Theoretical Condensed & Soft Matter Physics
Our group is interested in a range of topics from fundamental questions in Statistical Mechanics such as the manner in which systems attain equilibrium within the framework of the `Eigenstate Thermalization hypothesis', to interacting disordered systems that exhibit a novel kind of localization called `Many-body localization' to mature topics like random matrix theory and classical spin glasses. In recent times, a central theme has been entanglement, and we have been interested in investigating the role of quantum correlations, in connection to a number of established condensed matter phenomena. We employ a combination of analytical and numerical techniques in our studies. Please visit our group webpage for more details.
Using theoretical techniques and numerical simulations primarily based on density functional theory and Monte Carlo simulations, we study electronic structure, magnetism, and optical properties of nanomaterials and heterojunctions. We are also interested in the role of spin-orbit interaction at surfaces and interfaces with restricted symmetry.
We work on quantum dynamics, particularly of ultra-cold atoms, Bose-Einstein condensates, highly excited Rydberg atoms and quantum opto-mechanical systems. Our primary focus is to propose interesting quantum simulation platforms that connect to seemingly different disciplines, such as photosynthetic light harvesting, quantum chemistry or general relativity. By exploring common themes between these subjects, we transfer knowledge between disciplines, and may enable cold atom experimental tests, of otherwise inaccessible physical scenarios, e.g. involving black holes or quantum transport.
Our research interest lies in the soft and biological material that are driven out of equilibrium either by interactivity or by external field. Such active material exhibit very interesting emergent behavior. We employ theoretical and computational tools to investigate the rich dynamics exhibited by such systems.

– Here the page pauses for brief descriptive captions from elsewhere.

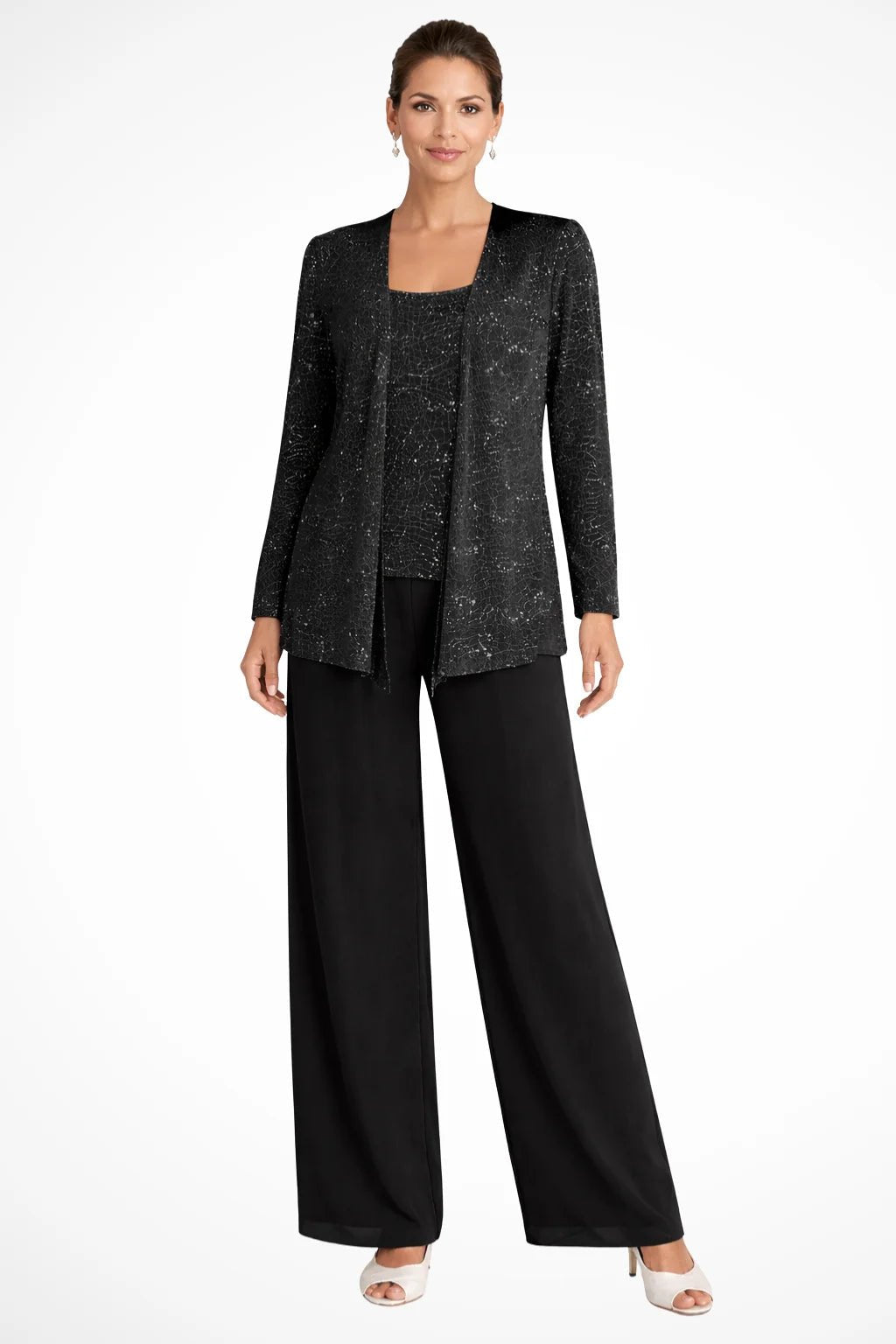 Women's Sequin Three-Piece Set | Wide Leg Evening Occasion Back
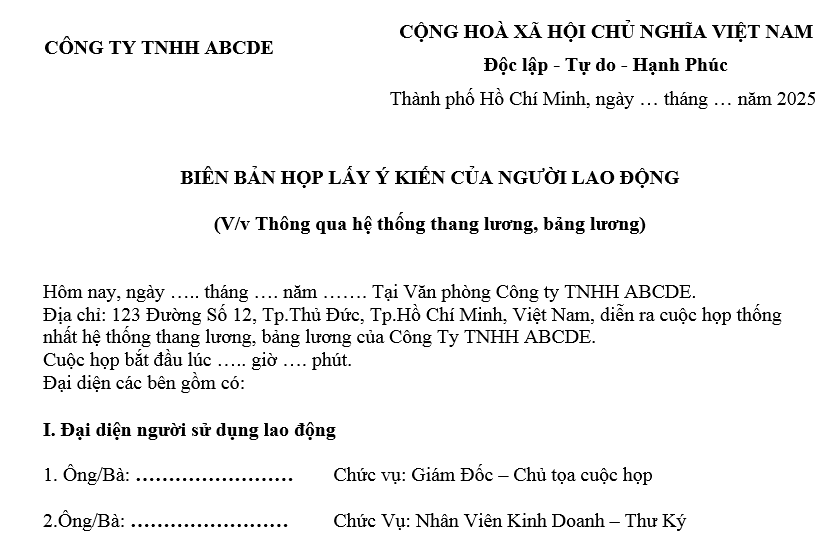 Mẫu biên bản thông qua hệ thống thang bảng lương 2025 là mẫu nào?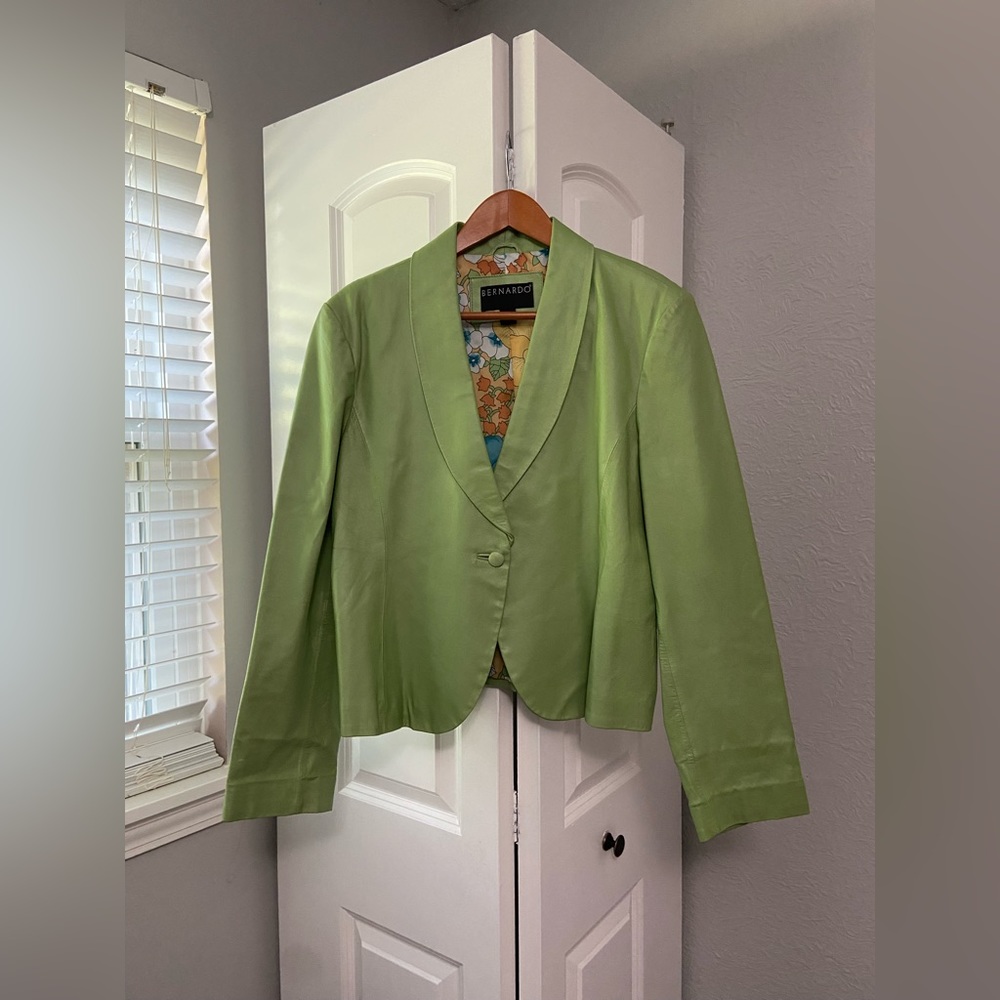 Bernardo Sage Green Leather Blazer with Floral Interior Design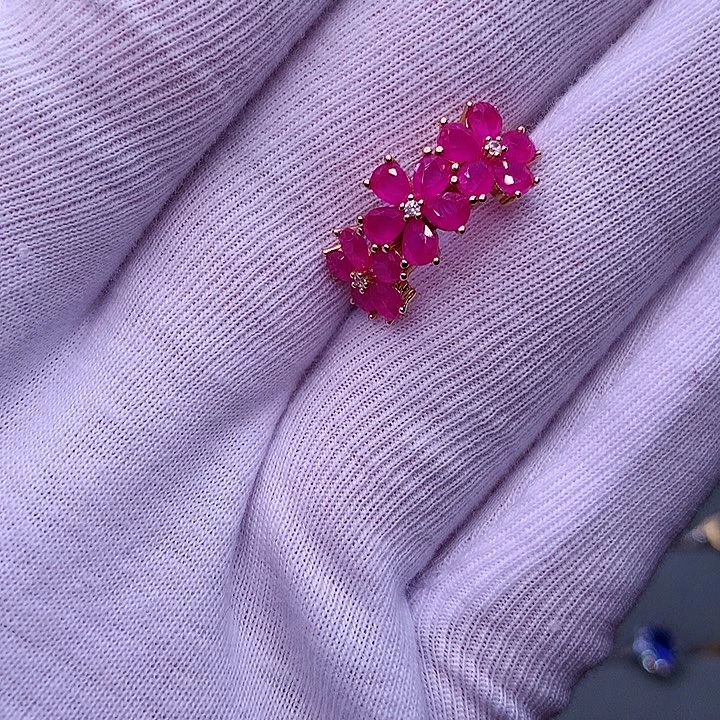 戒指红宝石银S925镶嵌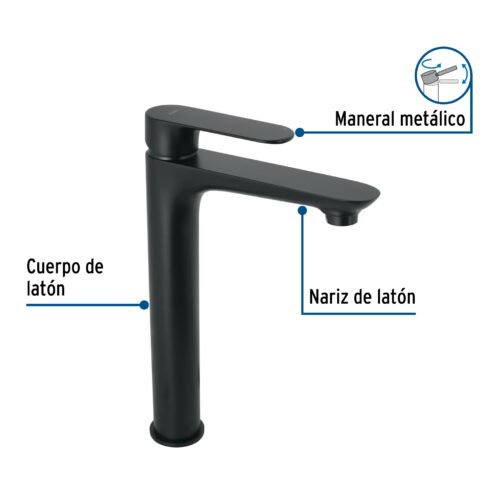 44090 - Monomando alto para lavabo, negro, FOSET RIVIERA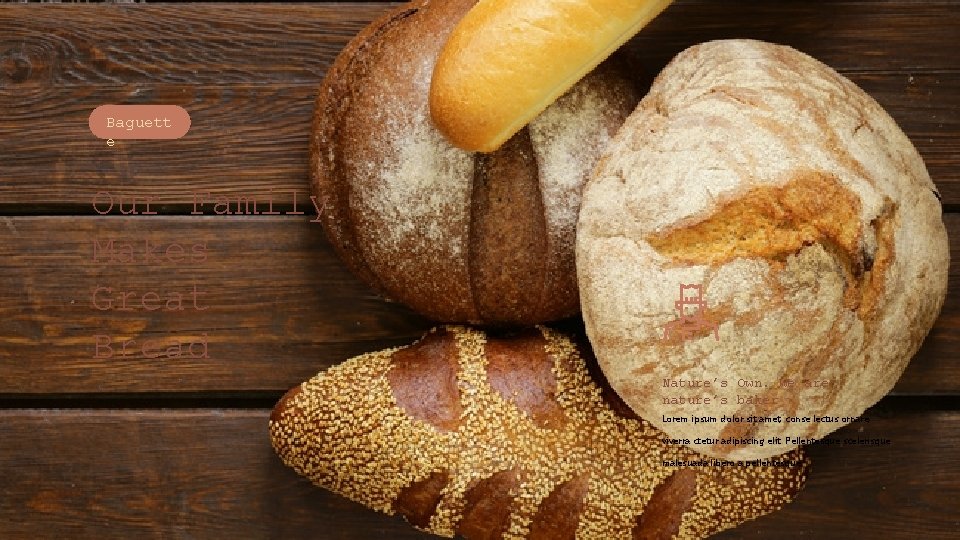 Baguett e Our Family Makes Great Bread Nature’s Own. We are nature’s baker Lorem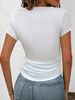 Women's Printed T-Shirt With Waist Gather Detail - Fashion Casual Top-11_ecoleips.com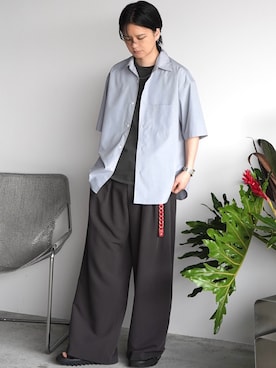 「アイテム（パンツ）」を使った、げんじさん（メンズ・175cm）の夏コーディネート
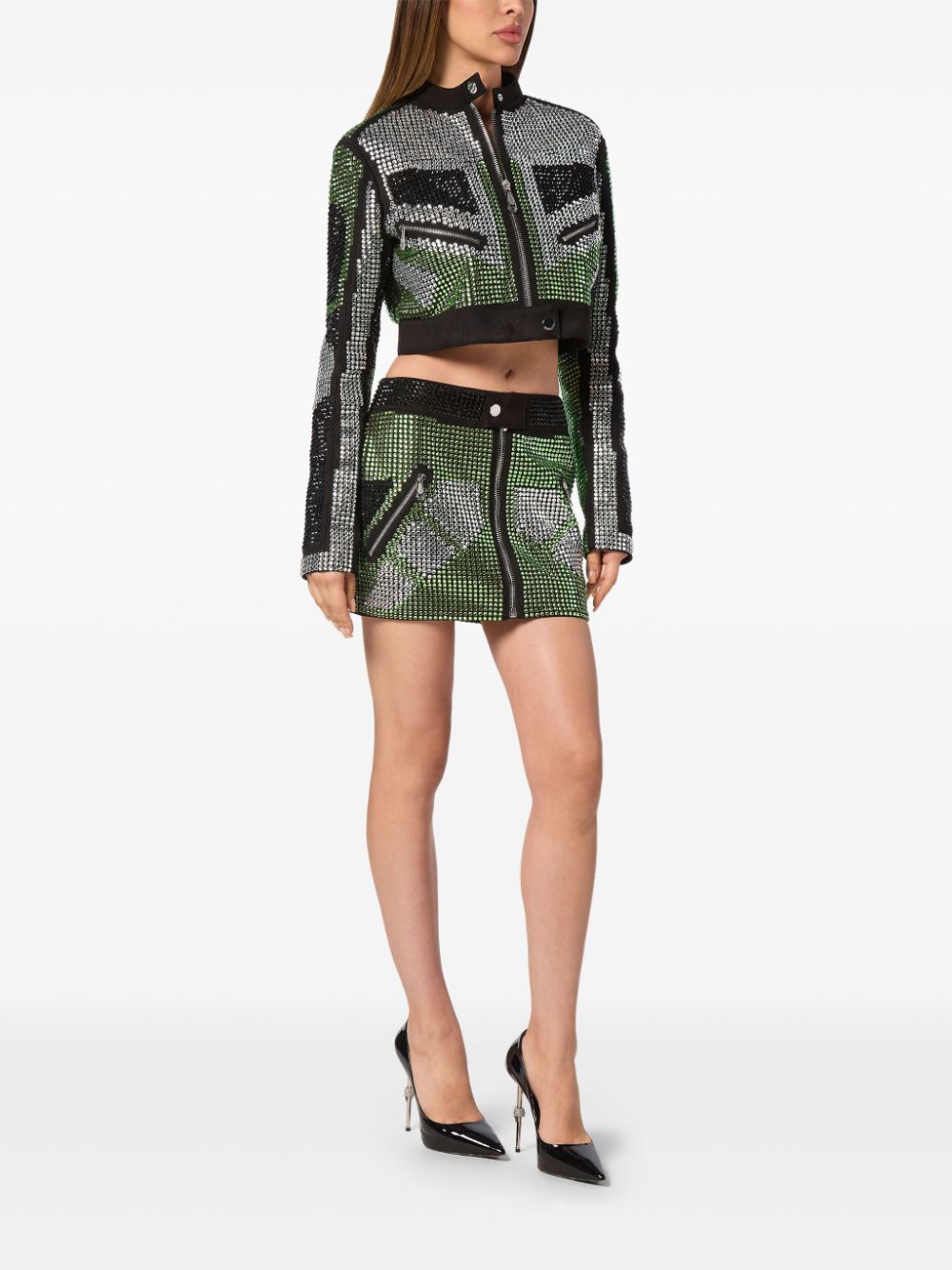Philipp Plein strass cropped biker jacket - Image 2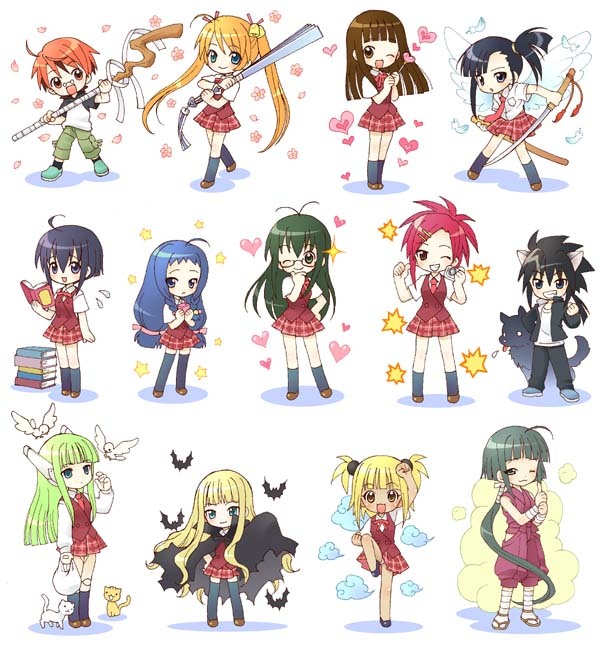 ayase_yue, bat, bats, bell, bird, birds, book, camera, cape, cat, cloud, clouds, diarium_ejus, dog, ensis_exorcizans, evangeline_a_k_mcdowell, hair_ornament, harisen, heterochromia, inugami_kotarou, kagurazaka_asuna, karakuri_chachamaru, konoe_konoka, kufei, mahou_sensei_negima, mahou_sensei_negima!, miyazaki_nodoka, nagase_kaede, negi_springfield, plaid, plaid_skirt, robot_ears, sakurazaki_setsuna, saotome_haruna, school_uniform, skirt, staff, sword, thighhighs, twintails, vampire, wand, weapon, wings, wink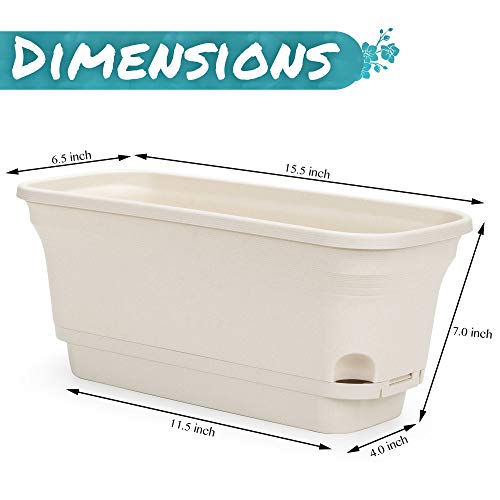 Amazing Creation Self Watering Planters Rectangular Planter Box, Windowsill Garden Bed, Planters For Outdoor Plants, Planters For Indoor Plants, Flowers, Herbs, Succulents, Beige, (2 Pack) #TOP3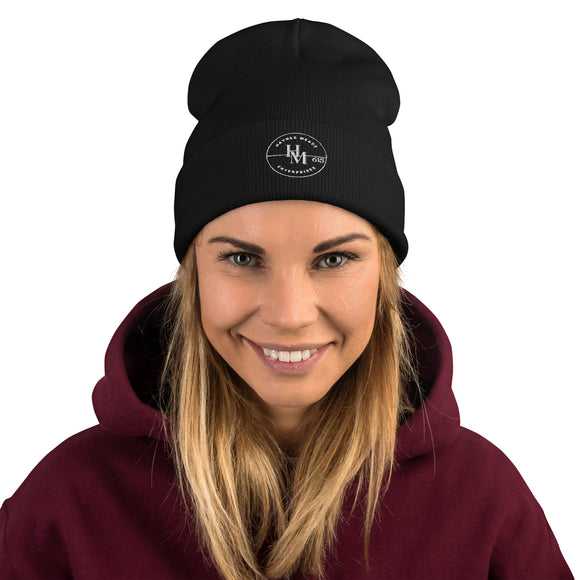 Black Embroidered Beanie - with HME logo (in white stitching)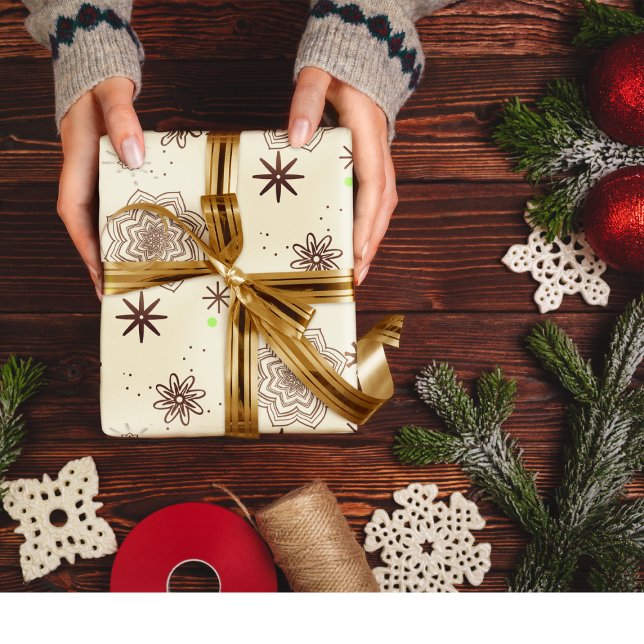 Ivory gold wrapping paper sheets (Ivory gold flowers and stars wrap)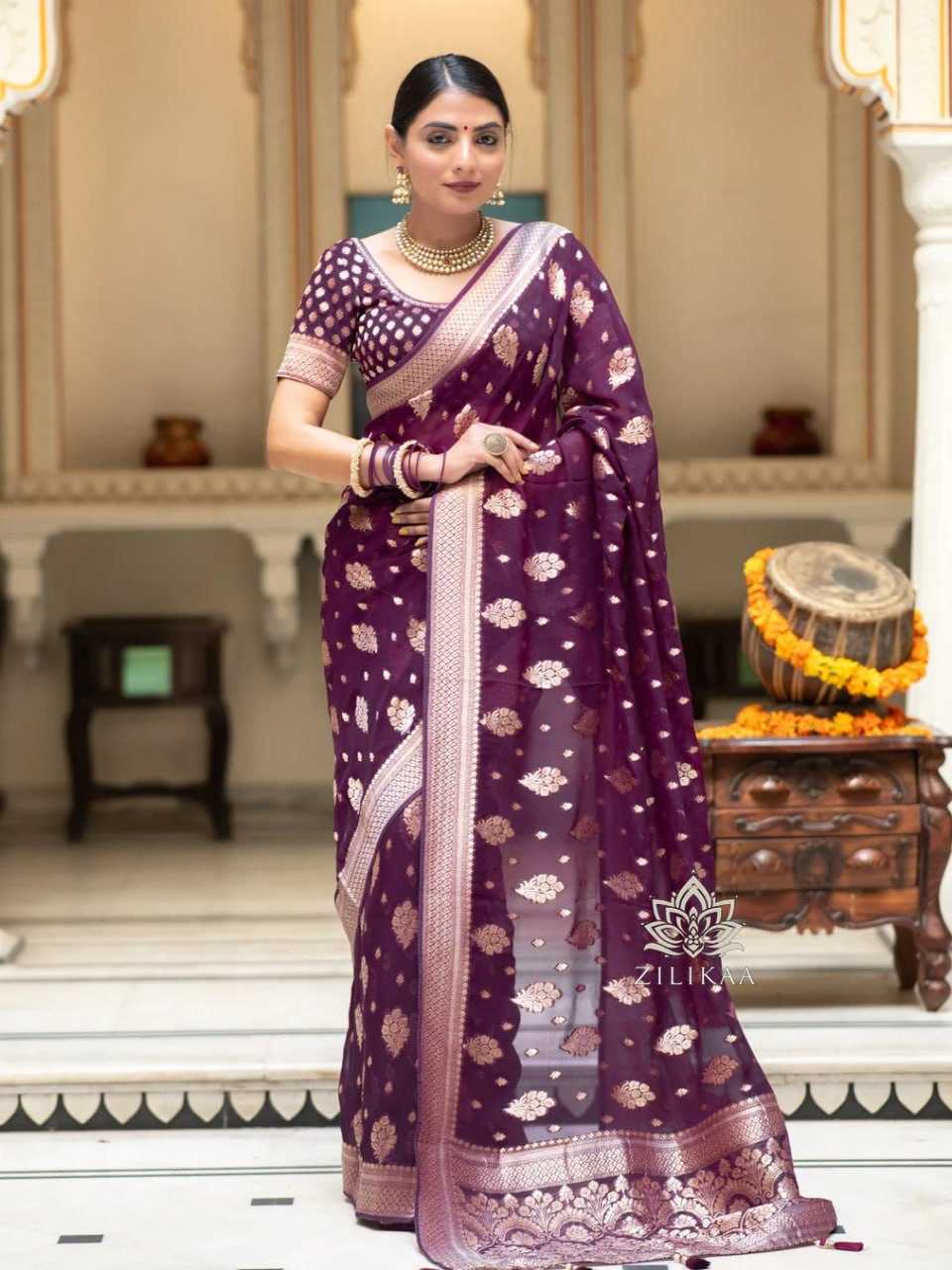 Traditional Banarasi Soft Silk Saree with Heavy Brocade Work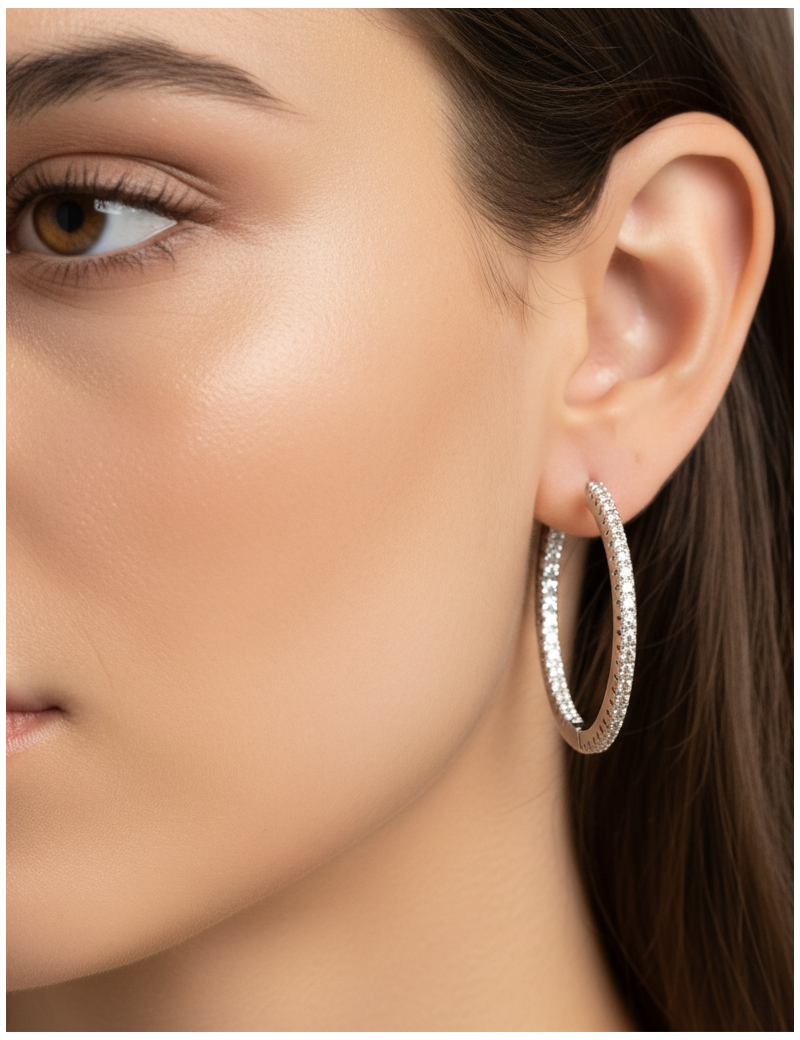 Rebecca: Pendientes Aros de Diamantes en Oro Blanco 18 kilates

Our group is interested in many aspects of the quantum theory of condensed matter systems with a particular focus on low dimensional systems. Our group is involved in the study of the physics of silicene, carbon-based systems, nanowires, spin-chains, Luttinger liquids and topological insulators. We mainly use analytical approaches, in particular, relying on quantum field theoretical techniques to analyze a problem.
Soft condensed matter systems exhibit incredibly complex dynamical and rheological behavior. These systems respond to external perturbations in an intriguing way and exhibit numerous features that are nonintuitive and distinct from those at equilibrium. More specifically, we focus on computer simulation modeling of polymeric, active filaments, and colloidal suspension in bulk and confinement. Our goal is to understand the relationship between mesoscale structure and bulk properties. Furthermore, our research interest also involves multi-scale modeling of coarse-grained algorithms which bridges atomistic and mesoscopic length-and time scales.